# Need help for basil plant...



## jusnikki (Nov 16, 2011)

My daughter just brought home this pitiful little basil plant in a clear plastic cup. It's just starting to emerge from the soil and really doesn't look to healthy, lol. But as a class project she has to take care of this plant for a period of time. What is the care for basil? Sickly basil...lol.


----------



## Dawgluver (Nov 16, 2011)

It might be having some transplant shock if it was pricked out from a bunch of seedlings.  Try making a mini terrarium, cover the cup with another clear plastic cup  or plastic bag, (not touching the leaves) and put it in bright, but not too bright light as you don't want to burn it.  Keep damp, but don't let it sit in water as it may rot.


----------



## jusnikki (Nov 16, 2011)

THank you. I'll do just that soon as  we get the little thing home. The more I look at it the more sorry I feel for it......


----------



## Zhizara (Nov 16, 2011)

This is the time of year when many basil plants die off.  Her project might be doomed.


----------



## Dawgluver (Nov 16, 2011)

I dug a couple established plants up from the garden, with plenty of soil, and potted them, they're doing pretty well.  Am thinking basil is usually direct seeded in the garden (that's how I plant it) and is not fond of being transplanted as seedlings.   As it's an annual, it shouldn't matter as to when it's planted.  For example, you could plant lettuce or impatiens any time indoors, and given the right conditions, they will grow just fine.

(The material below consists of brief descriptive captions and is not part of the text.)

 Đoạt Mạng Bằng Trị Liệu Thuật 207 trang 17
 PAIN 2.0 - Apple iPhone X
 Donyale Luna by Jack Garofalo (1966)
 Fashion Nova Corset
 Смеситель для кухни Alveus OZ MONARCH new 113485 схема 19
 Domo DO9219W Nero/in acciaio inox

Basil would not have been my choice for a class project, maybe bean seeds or marigold seeds.


----------



## no mayonnaise (Nov 17, 2011)

Basil is generally a spring/summer plant.  For success, you will have to go with an indoor setup preferably hydroponic or aeroponic.  I would suggest hydroponic if it's your first time.  I can't imagine why your daughter's teacher would give an out-of-season herb for a class project but it's generally not suited to fall/winter weather.


----------



## jusnikki (Nov 17, 2011)

When I googled it, I noticed it was out of season and wondered why the teacher chose that plant. But as my daughter explains there were other plants. And kids chose the nice plants and she felt sorry for that one, lol. I told her that plants going to get her a failing grade. 

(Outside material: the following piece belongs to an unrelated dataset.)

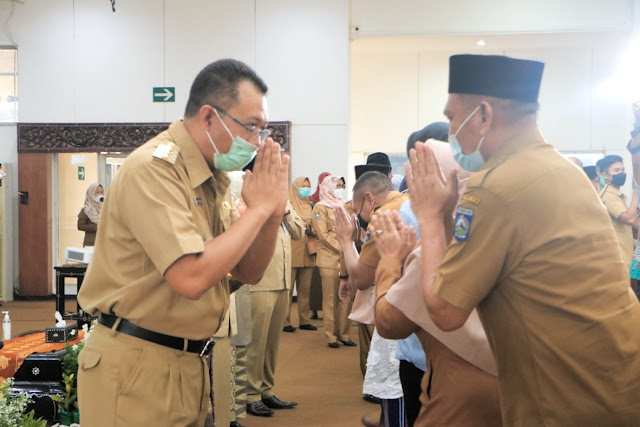 Silaturrahmi Idul Fitri, Gubernur NTB motivasi ASN fokus bekerja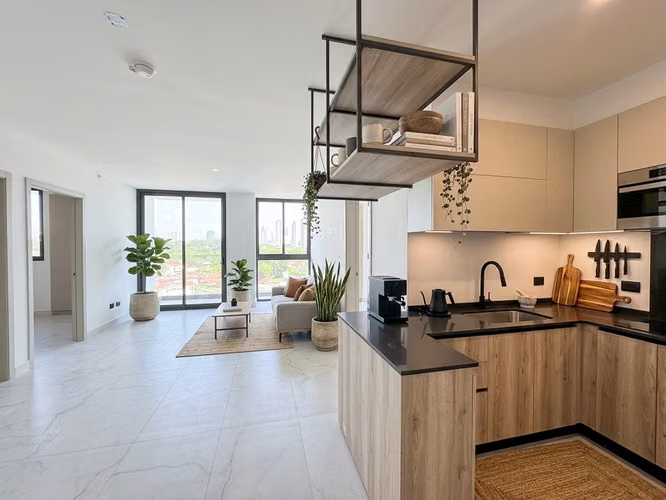 Nuevo Condominio en Ciudad de Panama Panama - Imagen 4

But this morning it had actually grown a little. Since it's so small you can barely see the leaves but the stem is a little higher, so maybe it will be alright. I did cover it with plastic when we got home. So maybe with a little love and care it may make it.
I'll bet even the teacher will be surprised, lol.


----------



## texherp (Nov 17, 2011)

If you're on the coast, you can probably keep it outside at least for a couple more weeks.  We're still getting warm weather here.  I'd put it outside in direct sun on warm days and bring it insdie during cold spells.  Eventually thought, it'll have to stay inside.


----------



## jusnikki (Nov 17, 2011)

texherp said:


> If you're on the coast, you can probably keep it outside at least for a couple more weeks. We're still getting warm weather here. I'd put it outside in direct sun on warm days and bring it insdie during cold spells. Eventually thought, it'll have to stay inside.


 
I'm far from the coast. I was trying to find a place on my window seal to get it some sunlight because it's sunny today. But cool outside. I guess artificial lights no good??


----------



## Dawgluver (Nov 17, 2011)

jusnikki said:
			
		

> I'm far from the coast. I was trying to find a place on my window seal to get it some sunlight because it's sunny today. But cool outside. I guess artificial lights no good??


 
I've grown lots of seeds and plants under growlights.  If, however, you're talking the standard living room lamp, you will need more light.  A sunny windowsill should be fine.


----------



## jusnikki (Nov 18, 2011)

Oh well, the lil' one didn't make it. It expired sometime in the night. 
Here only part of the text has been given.